TRY IT
Give the records again exactly. Pictures do not belong in the copy.

MATERIAL TO PROCESS
== Segment start ==
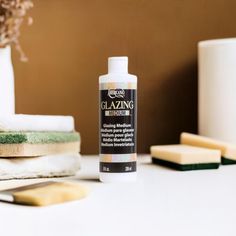 a bottle of glaze sitting on top of a table next to some other items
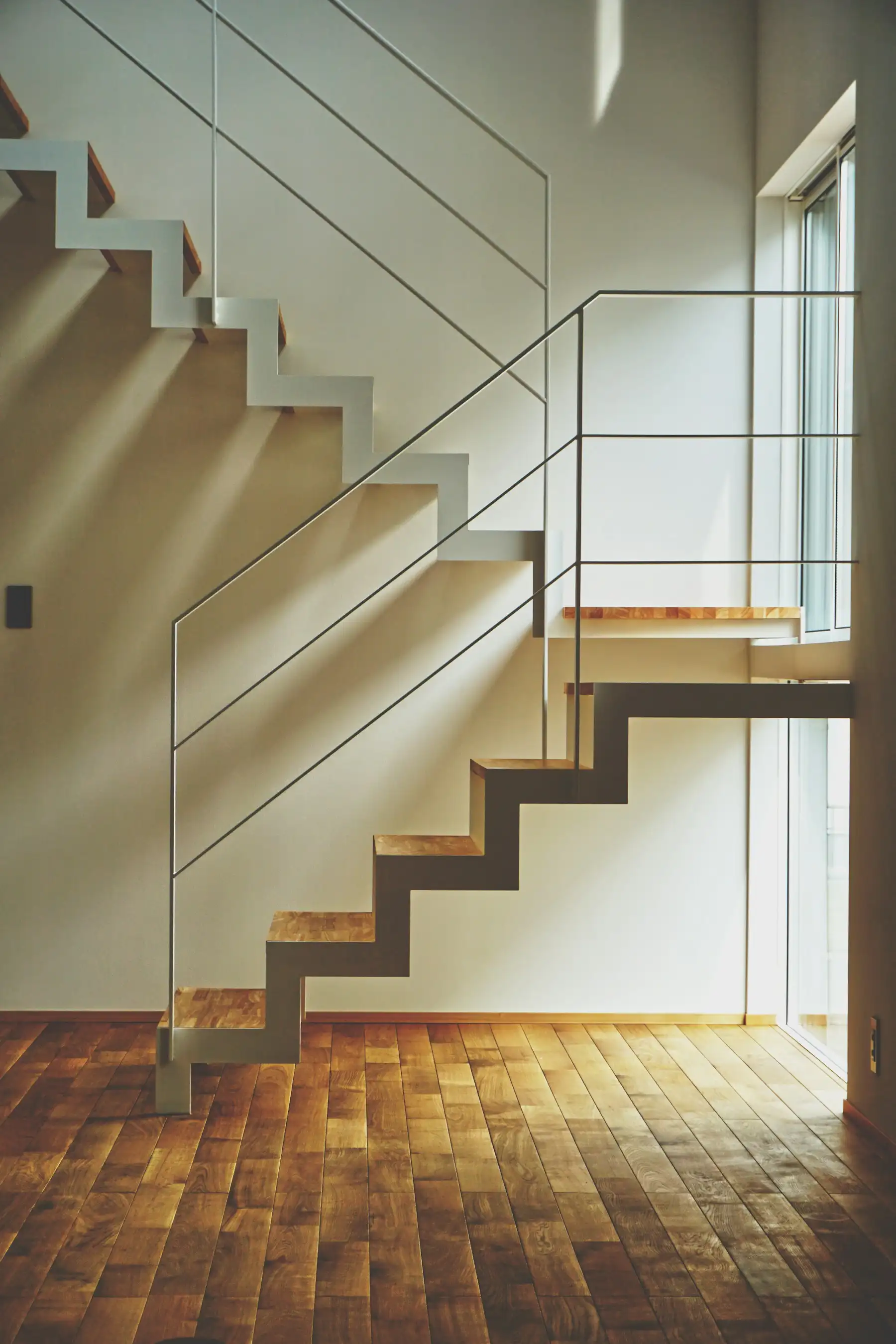 Treppe mit Holzstufen und weisser Metallwange im Sonnenlicht über einem Parkettboden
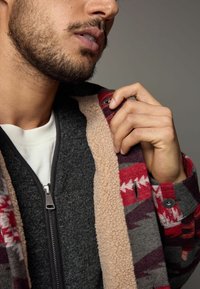Vêtements d'extérieur doublés en polaire avec un corps en laine grise, des manches à motifs rouges et une fermeture éclair. Comprend une couche intérieure crème pour une chaleur supplémentaire.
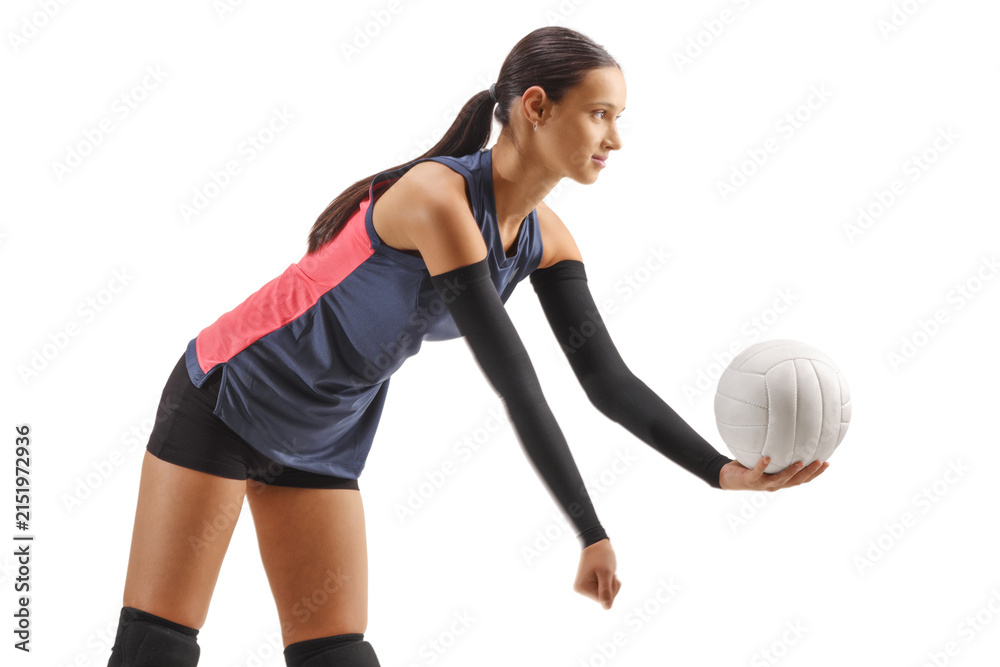 Fototapeta premium Young female atlete serving a volleyball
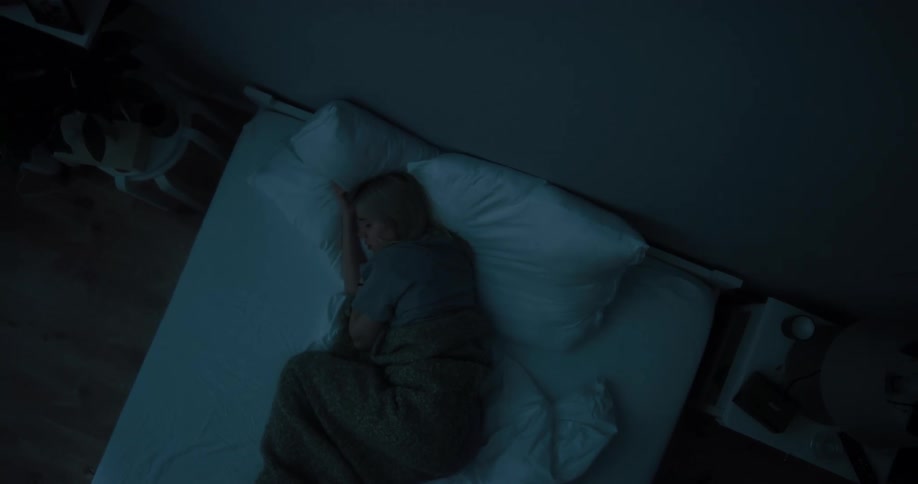 An overhead view of a woman sleeping in her bed at night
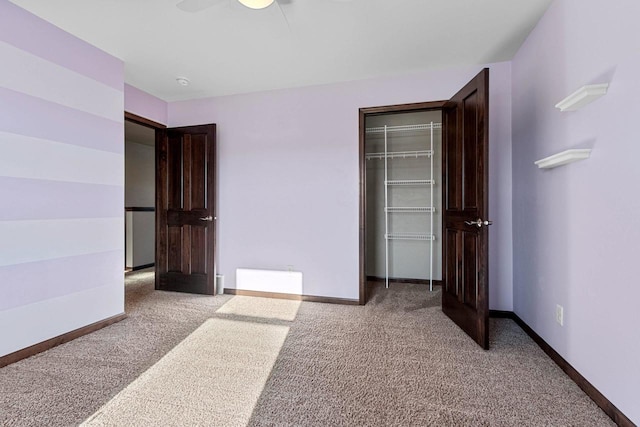 unfurnished bedroom with carpet floors, a closet, and ceiling fan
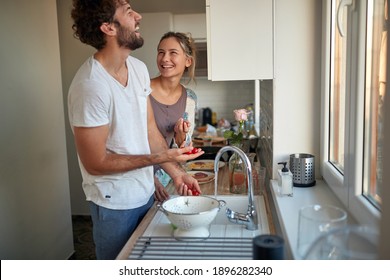 A young couple in love joking while preparing a breakfast together on a beautiful morning. Relationship, together, kitchen, love - Powered by Shutterstock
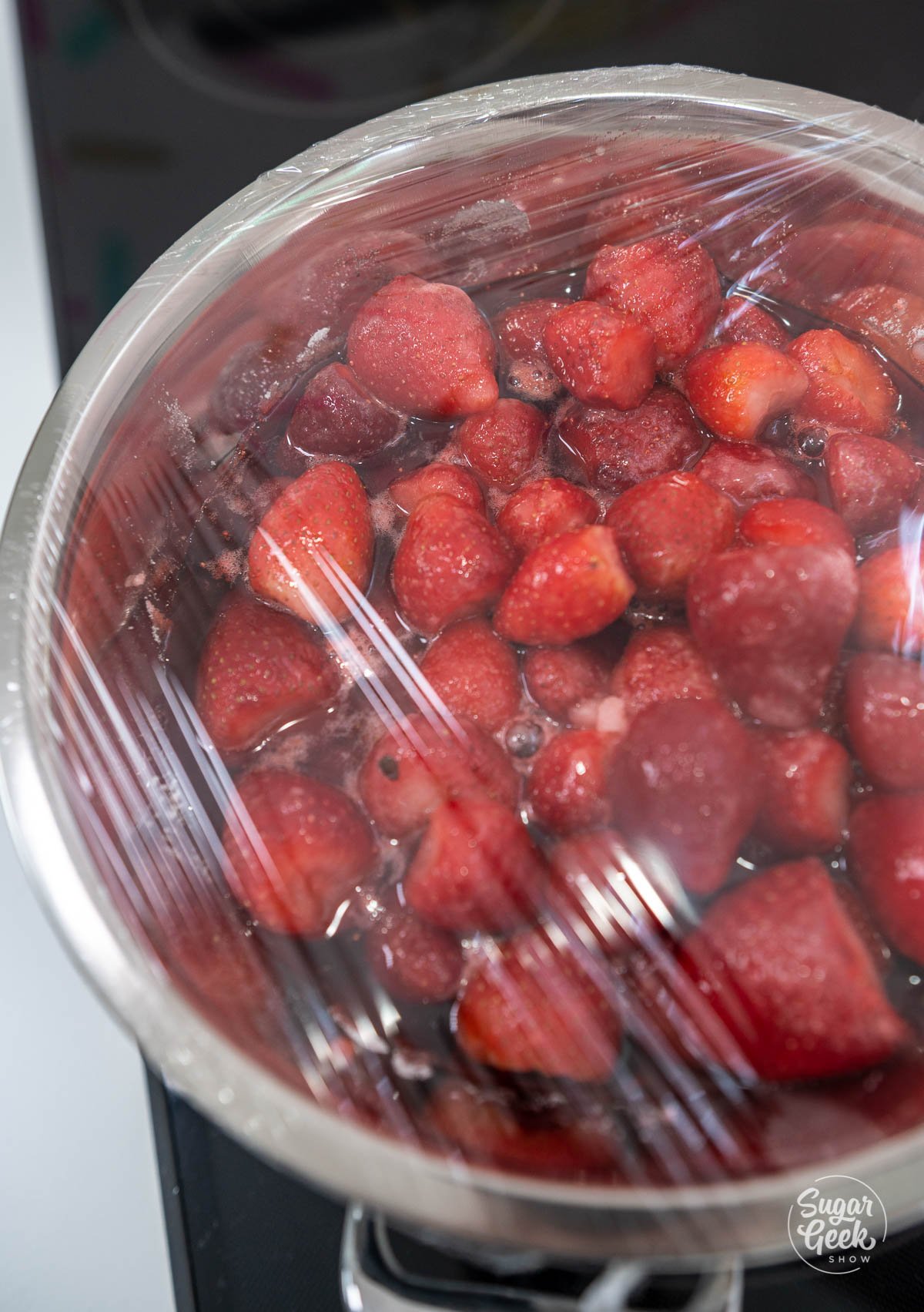 top down view of strawberries inside bowl sitting inside strawberry juice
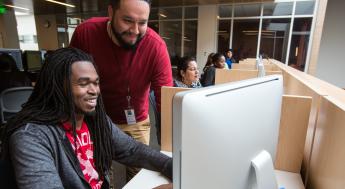 Staff assisting student with enrolling online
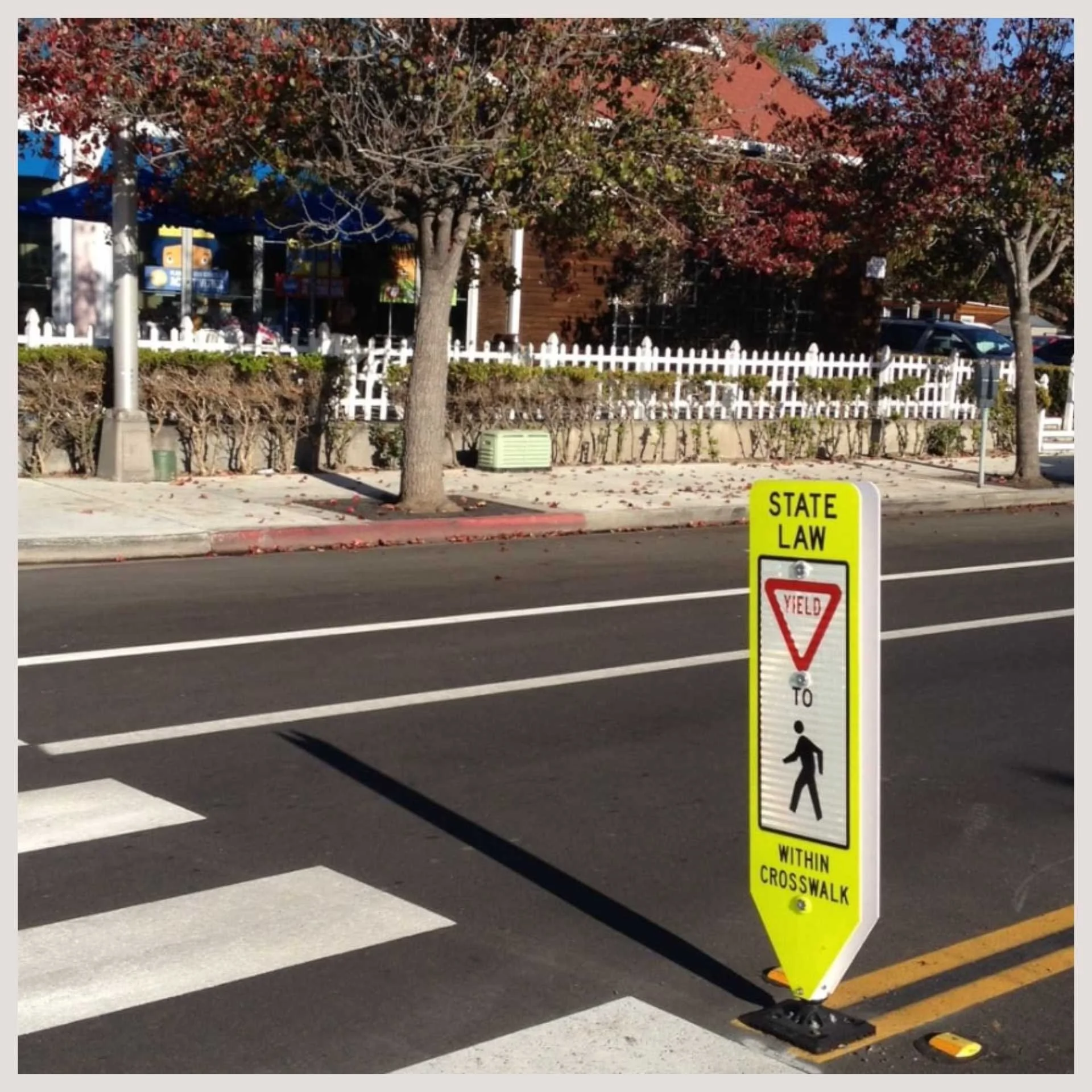 A street sign positioned on the roadside, indicating directions or information for passing vehicles.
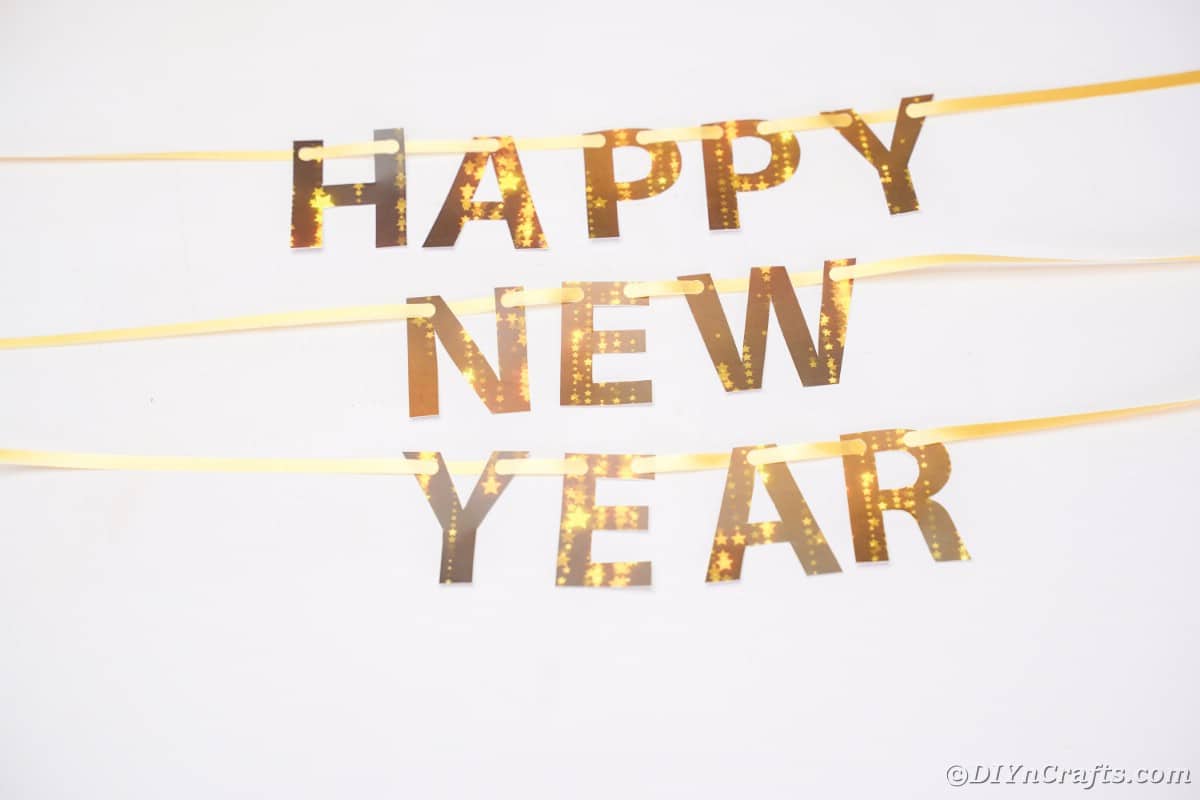 Happy new year banner on white surface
== Segment end ==
TASK RESPONSE
 a bottle of glaze sitting on top of a table next to some other items
 Treppe mit Holzstufen und weisser Metallwange im Sonnenlicht über einem Parkettboden
Vêtements d'extérieur doublés en polaire avec un corps en laine grise, des manches à motifs rouges et une fermeture éclair. Comprend une couche intérieure crème pour une chaleur supplémentaire.
 Fototapeta premium Young female atlete serving a volleyball
 An overhead view of a woman sleeping in her bed at night
 unfurnished bedroom with carpet floors, a closet, and ceiling fan
 A young couple in love joking while preparing a breakfast together on a beautiful morning. Relationship, together, kitchen, love - Powered by Shutterstock
 top down view of strawberries inside bowl sitting inside strawberry juice
 Staff assisting student with enrolling online
 A street sign positioned on the roadside, indicating directions or information for passing vehicles.
 Happy new year banner on white surface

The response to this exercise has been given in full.